Laura, you're gorgeous hun, that colour real suits you and you should hold your head high and revel in your loveliness OK? No more 'U' words for you.

*hugs Mark and Oliver* sounds like you two are struggling huh, no great advice for you but I'm thinking about you both

Crimson! hi honey, well done with your work party, its a big deal having a nice time with a bunch of people around. You should be real proud of yourself *hugs*

*waves to Julie* nice to see you visiting here sweet

*wonders where Nicole is* must go see if I can find her

*cuddles Kahlia again* cos I see you and I can x

I have made it through a real crap day in one piece *cheers, and is very surprised* so off to bed now before anything changes.

Will check up on you all in the morning

loves and goodnight
JK
xx

Doikers 22-04-2010 11:24 AM

Quote:

*cuddles Oliver* Sorry it's not more.
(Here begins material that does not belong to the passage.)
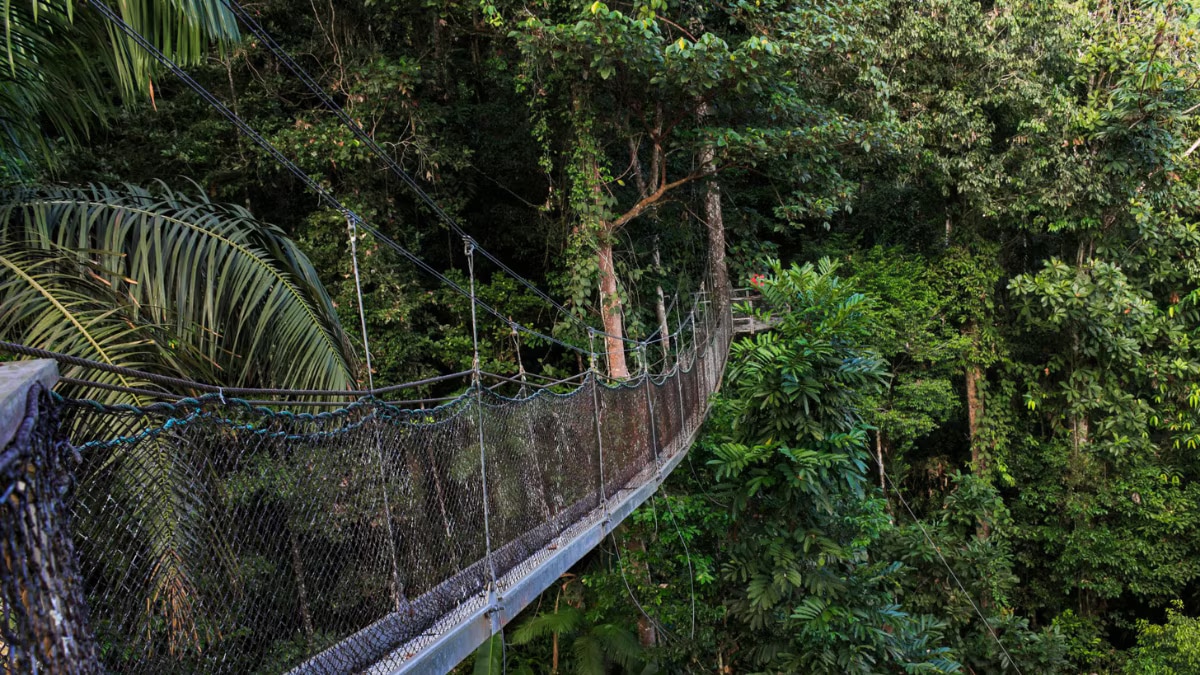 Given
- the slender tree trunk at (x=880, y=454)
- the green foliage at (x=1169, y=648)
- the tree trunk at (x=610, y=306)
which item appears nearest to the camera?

But I have read your post and wanted to let you know.
Also this^^

and Laura , you are very beautiful :)

*Group hugs*
I'm off to my parents today so I'll be less often on here for a few days , it's my brother in laws birthday , still can't quite grasp my little sis has a new surname ,(New marrige) it must be super weird for her lol . I was supposed to get married first , I'm older , ugh pet peeve , but I AM super happy for My sister and bro in law though . just a touch jealous :( I hate to admit that .

frenchhorn 22-04-2010 12:30 PM

*hugs Mark* thanks, hope you have agood timeat your parents.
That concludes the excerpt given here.